Because you are such a clever parent!
It’s not easy to discipline kids sometimes because you have to be on top of it every step of the way. Make your kids aware of your behavior expectations and try to be consistent about enforcing that. And when all else fails, be ready with these quick-fix ideas.
1. SECRET CODE
One night, when you have everyone’s attention, let your kids know that you don’t want to embarass them in public anymore than they want you to. So, in order to help them chill out if you don’t like something they are doing, (and you want to help them stay in check) establish a SECRET CODE so if you use it, they will get the message. No child wants to be “called out” in front of peers or in front of anyone for that matter. Pick a word or a phrase and establish it as your code. Make sure your kids know the code and understand what it means if you use the code.
2. GIVE A VISUAL REMINDER ABOUT LOWERING VOICES
Sometimes kids can be so loud in public! Because you don’t want to have to shout across a room, “Inside voices!” you need a tool. Let your kids know that if they get loud in public you will signal to them by lifting your hand above your head (showing your child that he is “up here”), and that you need him to bring it down “here,” (lower your hand below your hip). Again, they will appreciate not being called out in front of others.
3. LOWER YOUR VOICE TO A WHISPER
Yelling gets you absolutely nowhere and only leaves you in a rotten mood, so give it up. Try whispering to your child if he’s doing something you don’t approve of. Just try it. You will need to get very close to your child. Whisper, “I don’t want to yell at you, so instead, I want your such-and-such behavior to change.” It’s a brief connection that can work well as long as you don’t do it too much. It may not feel as satisfying as just shouting your head off, but it absolutely will feel better to you and your child in the long run.
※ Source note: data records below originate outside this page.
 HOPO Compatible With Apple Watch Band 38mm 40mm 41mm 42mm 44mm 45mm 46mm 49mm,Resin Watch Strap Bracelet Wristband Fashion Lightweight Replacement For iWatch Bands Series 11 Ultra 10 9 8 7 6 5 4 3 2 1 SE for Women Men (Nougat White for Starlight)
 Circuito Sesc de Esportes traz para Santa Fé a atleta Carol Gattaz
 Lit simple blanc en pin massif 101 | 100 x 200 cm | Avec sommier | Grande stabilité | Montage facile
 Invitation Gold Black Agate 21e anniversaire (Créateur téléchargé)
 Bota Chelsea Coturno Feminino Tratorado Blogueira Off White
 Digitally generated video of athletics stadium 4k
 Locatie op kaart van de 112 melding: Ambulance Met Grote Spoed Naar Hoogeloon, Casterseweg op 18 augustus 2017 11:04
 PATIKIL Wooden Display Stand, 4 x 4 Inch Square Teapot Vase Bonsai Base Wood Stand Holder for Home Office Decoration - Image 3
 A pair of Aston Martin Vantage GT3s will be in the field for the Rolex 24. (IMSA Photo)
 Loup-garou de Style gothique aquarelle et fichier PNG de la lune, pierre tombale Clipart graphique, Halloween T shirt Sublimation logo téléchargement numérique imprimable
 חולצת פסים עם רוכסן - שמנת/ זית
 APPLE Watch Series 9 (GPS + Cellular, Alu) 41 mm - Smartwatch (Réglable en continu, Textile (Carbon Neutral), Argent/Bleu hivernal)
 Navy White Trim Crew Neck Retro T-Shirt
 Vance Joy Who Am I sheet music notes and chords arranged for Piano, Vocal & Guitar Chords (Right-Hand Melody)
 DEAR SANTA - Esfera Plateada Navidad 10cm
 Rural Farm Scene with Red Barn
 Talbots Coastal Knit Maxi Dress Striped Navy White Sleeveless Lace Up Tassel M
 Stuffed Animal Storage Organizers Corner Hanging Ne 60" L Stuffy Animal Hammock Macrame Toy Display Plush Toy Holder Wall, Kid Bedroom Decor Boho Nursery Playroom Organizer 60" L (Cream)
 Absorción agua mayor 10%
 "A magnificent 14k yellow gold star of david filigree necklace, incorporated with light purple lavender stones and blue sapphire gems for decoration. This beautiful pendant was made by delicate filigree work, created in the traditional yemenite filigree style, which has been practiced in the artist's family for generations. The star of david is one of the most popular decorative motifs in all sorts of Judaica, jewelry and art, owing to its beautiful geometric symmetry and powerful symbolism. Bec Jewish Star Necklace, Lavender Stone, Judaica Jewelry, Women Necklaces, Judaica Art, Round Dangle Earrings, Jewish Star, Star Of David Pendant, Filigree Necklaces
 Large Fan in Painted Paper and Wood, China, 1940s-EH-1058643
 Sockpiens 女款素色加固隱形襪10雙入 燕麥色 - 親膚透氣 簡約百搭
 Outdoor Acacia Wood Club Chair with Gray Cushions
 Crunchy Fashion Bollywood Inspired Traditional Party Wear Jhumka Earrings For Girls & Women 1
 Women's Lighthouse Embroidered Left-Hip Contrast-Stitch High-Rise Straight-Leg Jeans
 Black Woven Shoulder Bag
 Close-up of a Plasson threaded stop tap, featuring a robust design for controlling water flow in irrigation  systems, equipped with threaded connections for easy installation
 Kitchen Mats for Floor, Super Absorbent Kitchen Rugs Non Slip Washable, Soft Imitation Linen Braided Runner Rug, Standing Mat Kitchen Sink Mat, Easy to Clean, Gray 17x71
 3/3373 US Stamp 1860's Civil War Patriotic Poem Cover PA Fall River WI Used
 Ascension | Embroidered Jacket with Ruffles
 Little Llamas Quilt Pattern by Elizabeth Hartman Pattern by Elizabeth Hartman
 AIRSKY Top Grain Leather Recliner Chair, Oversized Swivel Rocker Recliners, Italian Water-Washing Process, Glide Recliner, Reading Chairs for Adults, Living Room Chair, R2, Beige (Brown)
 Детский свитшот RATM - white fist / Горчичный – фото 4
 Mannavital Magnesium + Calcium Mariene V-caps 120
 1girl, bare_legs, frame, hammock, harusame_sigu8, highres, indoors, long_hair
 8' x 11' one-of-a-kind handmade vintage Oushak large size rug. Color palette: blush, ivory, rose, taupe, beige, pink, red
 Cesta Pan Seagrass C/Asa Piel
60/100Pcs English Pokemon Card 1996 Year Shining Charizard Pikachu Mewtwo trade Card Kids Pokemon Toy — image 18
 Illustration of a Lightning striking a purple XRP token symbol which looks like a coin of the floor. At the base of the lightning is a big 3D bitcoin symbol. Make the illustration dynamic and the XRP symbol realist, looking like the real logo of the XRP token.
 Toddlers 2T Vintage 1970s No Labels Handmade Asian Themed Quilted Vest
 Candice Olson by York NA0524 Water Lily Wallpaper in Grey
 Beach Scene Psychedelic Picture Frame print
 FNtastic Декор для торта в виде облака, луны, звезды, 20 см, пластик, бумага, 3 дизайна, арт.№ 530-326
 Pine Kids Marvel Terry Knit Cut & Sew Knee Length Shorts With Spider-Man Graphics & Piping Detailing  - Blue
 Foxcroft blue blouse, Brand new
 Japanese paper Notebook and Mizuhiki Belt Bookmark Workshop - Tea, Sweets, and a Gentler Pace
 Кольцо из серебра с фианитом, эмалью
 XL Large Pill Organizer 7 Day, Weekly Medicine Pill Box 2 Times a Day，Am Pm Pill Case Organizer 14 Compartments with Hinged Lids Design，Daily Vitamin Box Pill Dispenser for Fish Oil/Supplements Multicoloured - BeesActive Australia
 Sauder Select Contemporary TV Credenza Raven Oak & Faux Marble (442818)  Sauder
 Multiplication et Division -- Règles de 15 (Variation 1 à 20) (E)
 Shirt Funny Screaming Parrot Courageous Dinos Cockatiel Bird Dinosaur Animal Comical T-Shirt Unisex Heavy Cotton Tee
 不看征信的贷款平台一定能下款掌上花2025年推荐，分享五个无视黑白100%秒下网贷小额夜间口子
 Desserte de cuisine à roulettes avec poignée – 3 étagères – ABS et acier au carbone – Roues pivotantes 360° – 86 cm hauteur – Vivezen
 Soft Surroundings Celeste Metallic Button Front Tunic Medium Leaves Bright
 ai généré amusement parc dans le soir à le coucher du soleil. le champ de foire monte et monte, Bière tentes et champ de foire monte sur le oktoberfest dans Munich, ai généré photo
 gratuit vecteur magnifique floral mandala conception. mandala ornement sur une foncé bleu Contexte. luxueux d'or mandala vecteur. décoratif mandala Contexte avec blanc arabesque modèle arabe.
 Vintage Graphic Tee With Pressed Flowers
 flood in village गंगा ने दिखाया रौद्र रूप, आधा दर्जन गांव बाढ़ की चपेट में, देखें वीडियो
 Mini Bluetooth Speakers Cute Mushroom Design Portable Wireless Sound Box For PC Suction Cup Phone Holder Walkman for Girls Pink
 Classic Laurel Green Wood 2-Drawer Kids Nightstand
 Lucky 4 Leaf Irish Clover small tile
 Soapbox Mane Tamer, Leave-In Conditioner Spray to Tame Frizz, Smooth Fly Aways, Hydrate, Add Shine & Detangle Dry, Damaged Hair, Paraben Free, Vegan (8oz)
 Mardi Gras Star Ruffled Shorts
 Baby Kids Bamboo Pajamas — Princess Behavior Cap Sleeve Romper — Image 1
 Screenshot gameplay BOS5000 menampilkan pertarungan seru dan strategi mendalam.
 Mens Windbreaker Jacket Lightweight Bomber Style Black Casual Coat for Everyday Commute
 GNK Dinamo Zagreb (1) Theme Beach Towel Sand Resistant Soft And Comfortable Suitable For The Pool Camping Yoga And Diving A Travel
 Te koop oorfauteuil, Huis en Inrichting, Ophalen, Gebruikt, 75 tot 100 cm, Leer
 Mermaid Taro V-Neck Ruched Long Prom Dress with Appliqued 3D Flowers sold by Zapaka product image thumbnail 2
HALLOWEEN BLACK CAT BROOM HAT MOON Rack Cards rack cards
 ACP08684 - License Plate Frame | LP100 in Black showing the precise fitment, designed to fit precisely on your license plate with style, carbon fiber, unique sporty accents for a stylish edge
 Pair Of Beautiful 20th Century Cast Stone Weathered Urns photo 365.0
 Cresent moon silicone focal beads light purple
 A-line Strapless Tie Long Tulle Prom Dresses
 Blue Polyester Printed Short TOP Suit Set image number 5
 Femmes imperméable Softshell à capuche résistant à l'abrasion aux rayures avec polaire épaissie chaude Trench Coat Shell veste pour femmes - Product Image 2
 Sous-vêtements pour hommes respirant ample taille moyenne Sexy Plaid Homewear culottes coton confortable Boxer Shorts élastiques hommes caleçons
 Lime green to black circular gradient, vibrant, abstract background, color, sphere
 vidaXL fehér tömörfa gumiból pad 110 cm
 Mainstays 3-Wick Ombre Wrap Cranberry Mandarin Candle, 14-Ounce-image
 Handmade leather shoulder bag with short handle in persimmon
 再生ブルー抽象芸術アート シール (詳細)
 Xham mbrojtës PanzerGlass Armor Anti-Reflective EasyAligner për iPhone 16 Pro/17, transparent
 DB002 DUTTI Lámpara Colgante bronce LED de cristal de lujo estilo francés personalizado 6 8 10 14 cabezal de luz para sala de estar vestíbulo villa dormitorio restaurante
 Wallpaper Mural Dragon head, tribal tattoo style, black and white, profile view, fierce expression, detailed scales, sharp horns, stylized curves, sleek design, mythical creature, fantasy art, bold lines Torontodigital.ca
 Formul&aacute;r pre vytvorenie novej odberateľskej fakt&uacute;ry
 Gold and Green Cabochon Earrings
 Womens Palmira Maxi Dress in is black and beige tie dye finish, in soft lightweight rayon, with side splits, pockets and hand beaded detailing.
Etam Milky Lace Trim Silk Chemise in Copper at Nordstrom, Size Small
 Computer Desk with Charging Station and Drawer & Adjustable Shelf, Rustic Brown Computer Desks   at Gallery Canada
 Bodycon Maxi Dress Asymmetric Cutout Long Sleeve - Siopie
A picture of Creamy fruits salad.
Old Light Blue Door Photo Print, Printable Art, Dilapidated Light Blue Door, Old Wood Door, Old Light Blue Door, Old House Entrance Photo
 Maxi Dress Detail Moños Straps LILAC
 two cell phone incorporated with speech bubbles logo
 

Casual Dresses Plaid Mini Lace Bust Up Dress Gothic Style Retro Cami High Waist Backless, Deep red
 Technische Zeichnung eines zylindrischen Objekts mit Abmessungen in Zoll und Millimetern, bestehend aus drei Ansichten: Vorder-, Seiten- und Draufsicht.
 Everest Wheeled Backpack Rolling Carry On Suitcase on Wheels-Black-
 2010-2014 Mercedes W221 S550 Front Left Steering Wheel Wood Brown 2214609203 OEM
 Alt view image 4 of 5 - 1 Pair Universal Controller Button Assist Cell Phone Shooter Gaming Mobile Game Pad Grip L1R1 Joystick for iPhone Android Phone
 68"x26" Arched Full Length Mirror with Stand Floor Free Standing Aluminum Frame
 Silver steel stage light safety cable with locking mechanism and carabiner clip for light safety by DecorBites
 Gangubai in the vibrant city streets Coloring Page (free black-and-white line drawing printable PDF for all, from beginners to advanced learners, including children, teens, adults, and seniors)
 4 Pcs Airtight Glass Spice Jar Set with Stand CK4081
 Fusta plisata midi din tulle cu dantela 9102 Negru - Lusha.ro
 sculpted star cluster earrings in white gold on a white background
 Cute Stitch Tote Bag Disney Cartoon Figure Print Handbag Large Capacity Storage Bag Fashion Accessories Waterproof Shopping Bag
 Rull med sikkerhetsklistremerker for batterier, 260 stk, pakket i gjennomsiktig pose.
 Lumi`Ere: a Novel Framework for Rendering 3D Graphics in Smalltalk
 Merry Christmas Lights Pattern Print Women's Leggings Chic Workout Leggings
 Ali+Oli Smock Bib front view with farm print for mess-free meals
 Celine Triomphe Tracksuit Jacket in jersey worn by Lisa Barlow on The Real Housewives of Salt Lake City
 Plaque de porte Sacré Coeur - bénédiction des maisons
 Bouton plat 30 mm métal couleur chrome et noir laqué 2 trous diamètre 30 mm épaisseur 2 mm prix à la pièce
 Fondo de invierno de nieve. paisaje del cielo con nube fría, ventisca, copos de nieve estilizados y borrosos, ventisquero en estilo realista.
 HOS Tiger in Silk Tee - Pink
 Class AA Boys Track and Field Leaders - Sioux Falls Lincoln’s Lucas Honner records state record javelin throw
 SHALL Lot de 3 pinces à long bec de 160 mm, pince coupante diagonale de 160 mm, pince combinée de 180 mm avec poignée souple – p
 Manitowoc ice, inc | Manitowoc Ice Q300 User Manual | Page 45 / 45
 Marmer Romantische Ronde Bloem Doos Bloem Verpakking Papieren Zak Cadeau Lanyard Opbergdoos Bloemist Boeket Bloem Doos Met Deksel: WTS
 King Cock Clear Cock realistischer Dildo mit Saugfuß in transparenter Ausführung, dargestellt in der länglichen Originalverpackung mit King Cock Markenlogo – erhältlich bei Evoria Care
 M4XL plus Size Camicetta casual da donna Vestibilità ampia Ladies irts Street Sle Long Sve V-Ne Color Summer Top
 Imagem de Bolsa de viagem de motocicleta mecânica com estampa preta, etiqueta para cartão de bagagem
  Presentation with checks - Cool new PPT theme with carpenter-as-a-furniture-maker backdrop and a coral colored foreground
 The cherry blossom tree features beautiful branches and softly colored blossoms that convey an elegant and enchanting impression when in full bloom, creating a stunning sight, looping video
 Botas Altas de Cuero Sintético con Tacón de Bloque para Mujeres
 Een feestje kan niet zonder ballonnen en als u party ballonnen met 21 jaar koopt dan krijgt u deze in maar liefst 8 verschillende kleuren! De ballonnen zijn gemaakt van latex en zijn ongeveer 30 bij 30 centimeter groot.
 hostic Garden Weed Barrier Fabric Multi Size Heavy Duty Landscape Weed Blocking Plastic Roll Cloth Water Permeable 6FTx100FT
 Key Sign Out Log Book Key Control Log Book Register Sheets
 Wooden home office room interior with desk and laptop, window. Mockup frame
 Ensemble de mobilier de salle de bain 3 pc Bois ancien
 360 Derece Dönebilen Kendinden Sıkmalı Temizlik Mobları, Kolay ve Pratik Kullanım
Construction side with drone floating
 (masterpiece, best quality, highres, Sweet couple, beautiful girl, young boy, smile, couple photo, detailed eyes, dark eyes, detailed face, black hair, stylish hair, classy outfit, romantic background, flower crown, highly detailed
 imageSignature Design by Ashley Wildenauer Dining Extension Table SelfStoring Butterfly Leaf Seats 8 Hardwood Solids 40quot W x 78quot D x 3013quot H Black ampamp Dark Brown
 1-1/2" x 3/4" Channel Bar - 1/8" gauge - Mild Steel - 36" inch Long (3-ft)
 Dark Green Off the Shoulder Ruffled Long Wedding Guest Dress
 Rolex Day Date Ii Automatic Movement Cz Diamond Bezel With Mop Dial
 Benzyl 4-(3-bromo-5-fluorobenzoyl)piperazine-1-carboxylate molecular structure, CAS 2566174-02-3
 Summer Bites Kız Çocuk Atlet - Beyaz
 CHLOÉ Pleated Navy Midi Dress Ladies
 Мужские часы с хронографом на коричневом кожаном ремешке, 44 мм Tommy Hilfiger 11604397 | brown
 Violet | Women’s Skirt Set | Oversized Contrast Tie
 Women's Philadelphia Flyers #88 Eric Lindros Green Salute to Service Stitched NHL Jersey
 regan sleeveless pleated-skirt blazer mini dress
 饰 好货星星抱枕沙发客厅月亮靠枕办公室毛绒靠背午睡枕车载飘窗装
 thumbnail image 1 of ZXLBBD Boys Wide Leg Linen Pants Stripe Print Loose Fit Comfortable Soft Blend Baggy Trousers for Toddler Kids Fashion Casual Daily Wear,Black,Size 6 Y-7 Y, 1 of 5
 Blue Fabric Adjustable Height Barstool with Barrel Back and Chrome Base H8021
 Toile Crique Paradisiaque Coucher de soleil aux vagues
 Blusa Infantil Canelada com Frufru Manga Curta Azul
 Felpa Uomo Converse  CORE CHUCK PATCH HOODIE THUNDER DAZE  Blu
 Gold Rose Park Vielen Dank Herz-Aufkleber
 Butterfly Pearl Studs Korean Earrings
4. TRIED AND TRUE COUNTDOWN
Seasoned moms and dads know this one really, really well, as do school teachers (if they’re not shutting off lights or clapping their hands, that is). Counting down is a direct cue to your kids that their misbehavior must stop. Kids are smart though, so keep the countdown brief. Use a 10 count. Speed it up if you have to, or slow it down if that works better and you see your child is trying.